Although she is the first to admit that her problems did not go away and her trials and tribulations were many, the former inmate is now enjoying a relationship with her three children, a happy marriage and gainful employment. And most importantly — she is sharing her journey of salvation with the very ones who need to hear it. “Before I was offered this job I came to Prison Fellowship as a volunteer to give back a portion of what was given to me,” she said.
Conference seeks church involvement
The need for church involvement with prison ministries — during and after an inmate’s incarceration — will be the focus of Alabama’s first annual prison ministries conference, “The Cross Is the Key.”
The two-day event will be held Nov. 3–4 at the Metropolitan Church of God in Birmingham.
This nondenominational hands-on seminar has the governor’s and attorney general’s approval and is being spearheaded by Alabama’s commissioner of corrections, Mike Haley.
“Governor Siegelman supports this issue so strongly that he will be one of the conference’s featured speakers,” said Haley.
Keynote speaker for the event will be Paul Carlin, a nationally known prison evangelist from Crockett, Texas, who holds a doctorate in theology.
Carlin has been referred to as the “apostle Paul of prison ministry,” — a reflection of his 22 years of work in the field. He and his wife, Jeri, are founders of numerous prison-related ministries including the Prisoners Bible Institute and the faith-based therapeutic treatment model, Belief Therapy.

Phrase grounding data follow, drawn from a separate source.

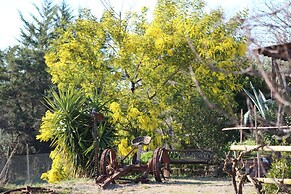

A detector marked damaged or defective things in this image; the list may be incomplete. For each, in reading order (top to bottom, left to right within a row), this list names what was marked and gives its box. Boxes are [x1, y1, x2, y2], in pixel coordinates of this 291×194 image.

rusty metal wheel [100, 149, 117, 177]
rusty metal wheel [153, 147, 171, 182]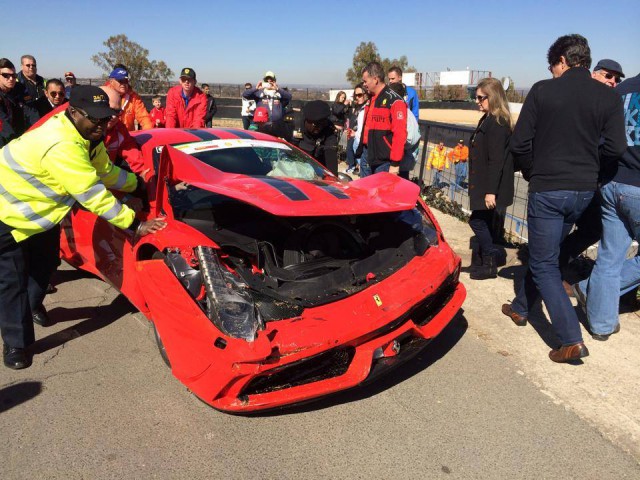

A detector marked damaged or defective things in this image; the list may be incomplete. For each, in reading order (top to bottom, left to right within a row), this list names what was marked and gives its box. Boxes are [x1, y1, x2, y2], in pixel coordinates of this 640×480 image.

crashed red sports car [60, 127, 464, 412]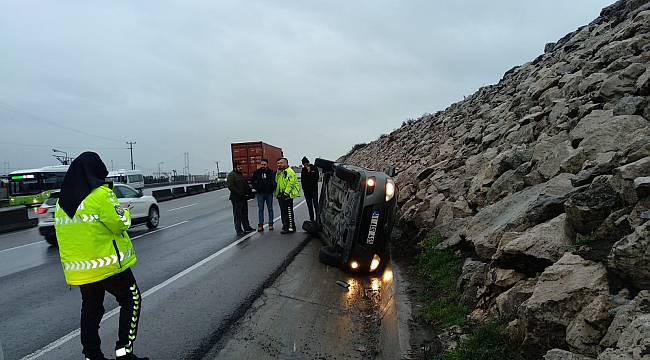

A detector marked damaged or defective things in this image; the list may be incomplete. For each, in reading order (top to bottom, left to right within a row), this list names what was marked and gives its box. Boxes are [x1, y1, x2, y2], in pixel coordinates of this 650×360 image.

overturned car [302, 158, 398, 272]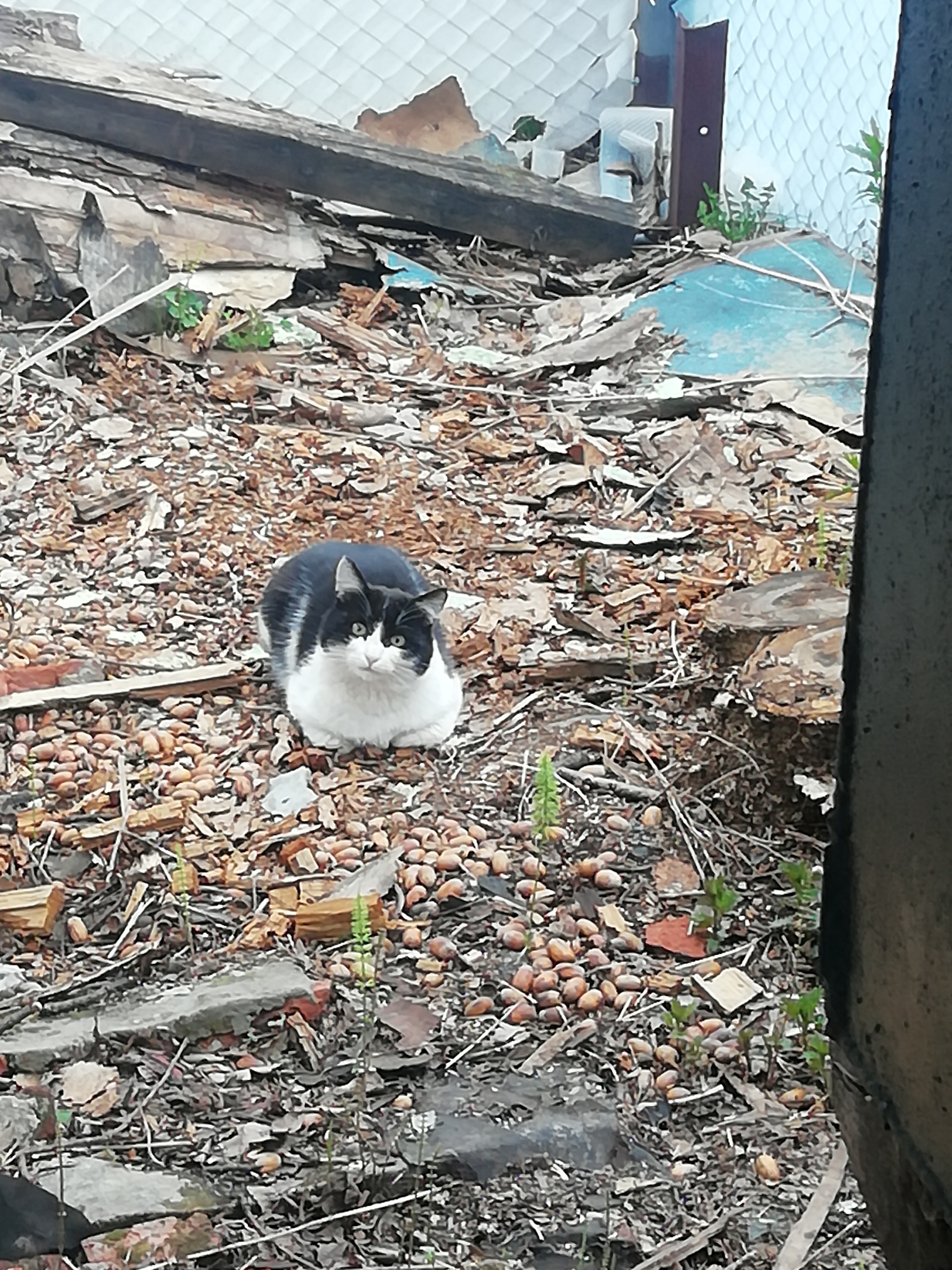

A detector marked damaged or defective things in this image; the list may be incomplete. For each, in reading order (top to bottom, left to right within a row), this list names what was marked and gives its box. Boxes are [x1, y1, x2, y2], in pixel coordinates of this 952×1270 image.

Carlin’s expertise in the field comes, in part, from personal experience. A portion of his testimony deals with his own incarceration in a Texas federal prison.
There are currently 25,600 inmates in Alabama’s state prisons at a yearly cost to taxpayers of $235 million. Many of these prisoners are repeat offenders.
“Our hope and desire is to get churches across the state to join forces and help develop some strong and effective after-care programs for inmates after they are released. All the state gives them (prisoners) when they are released is $10 and a one-way bus ticket to the county where they were sentenced,” said Haley, an ordained Baptist minister who is a member of First Baptist Church, Prattville.
“Church-based after-care programs could foster a much-needed ministry that could make an impact on keeping some of these prisoners from becoming repeat offenders,” Haley said. “Every inmate is looking for the key to turn their life around and we need to show them through ministry that Jesus is that key,” he added.
The conference begins Friday morning and concludes Saturday evening. In addition to guest speakers, there will be workshops on prison ministry-related topics such as criminal recovery and relapse prevention, the mentoring program and the role of the local church in prison ministry.
The Metropolitan Church of God is located off Rocky Ridge Road at 2800 Metropolitan Way in Birmingham.